Zu diesem Jubiläum ließ sich Elizabeth II. auch von Lucian Freud malen. Bereits 1985 hatte der amerikanische Pop-Art-Künstler Andy Warhol mit seinem größten und ehrgeizigsten Portfolio von Siebdrucken unter dem Titel „Reigning Queens“ versucht, monumentale Bilder von jeder der vier regierenden Monarchinnen der damaligen Zeit zu schaffen. Im Fall von Königin Elizabeth II. basierten seine Drucke auf dem offiziellen Foto, das Peter Grugeon am 2. April 1975 auf Schloss Windsor aufgenommen hatte und das anlässlich des Silbernen Jubiläums 1977 veröffentlicht wurde. Erst 2012 wurde Warhols Queen-Porträt für die Royal Collection bei der Kunsthandlung Hazlitt, Gooden & Fox erworben.

Ausgestellt wurden diese Porträts und viele andere Kunstwerke aus der Königlichen Sammlung im Rotationsverfahren. Pro Ausstellungszyklus werden in der Regel etwa 450 Werke gezeigt – vor allem Gemälde und Zeichnungen, aber auch seltene Möbelstücke, dekorative Kunst oder Motive aus der umfangreichen Fotosammlung.

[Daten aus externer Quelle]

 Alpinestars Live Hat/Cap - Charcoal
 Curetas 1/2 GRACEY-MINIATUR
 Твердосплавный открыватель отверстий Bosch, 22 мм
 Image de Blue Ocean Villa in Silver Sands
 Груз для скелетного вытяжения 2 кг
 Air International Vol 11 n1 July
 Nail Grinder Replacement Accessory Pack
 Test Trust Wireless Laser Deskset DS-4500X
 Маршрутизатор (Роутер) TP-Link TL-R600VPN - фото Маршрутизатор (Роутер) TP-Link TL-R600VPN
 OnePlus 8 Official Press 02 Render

Zu Elizabeths Verdiensten zählt sicherlich, dass sich heute durch langfristige Leihgaben und ein Programm von Wanderausstellungen die Königliche Sammlung für Museen und Galerien im In- und Ausland geöffnet hat und erstmals ein zeitgenössischer dem historischen Block der Sammlung durch Ankäufe gegenübergestellt wurde.

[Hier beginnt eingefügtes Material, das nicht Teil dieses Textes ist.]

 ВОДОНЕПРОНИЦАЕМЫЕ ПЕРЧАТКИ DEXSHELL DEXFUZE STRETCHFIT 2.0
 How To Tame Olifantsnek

Im September 2012 war Queen Elizabeth II. auf dem Cover der Weltkunst. © Cecil Beaton/Victoria and Albert Museum, London/V&A Images

In seiner Sitzung mit der Queen sprach Lucian Freund auch über seine Einstellung zum Tod. „Als ich jünger war, fand ich den Tod viel beängstigender – ich hatte mehr zu verlieren. Wenn ich jetzt alte Leute sehe, die langsam fahren, möchte ich sie anschreien. Sie sollten ein bisschen mehr leben, denn für sie ist es sowieso bald vorbei“. Die Queen lauschte still dem egozentrischen Künstler, der kein Honorar für seinen Auftrag nahm und von dem die britische Presse bei seinem Königinnenporträt anschließend von „Travestie“ sprach. 

Nun ist sie endgültig – die Stille. Am 8. September 2022 um 16.30 Uhr schlossen sich die Augen von Queen Elizabeth II. zum letzten Mal.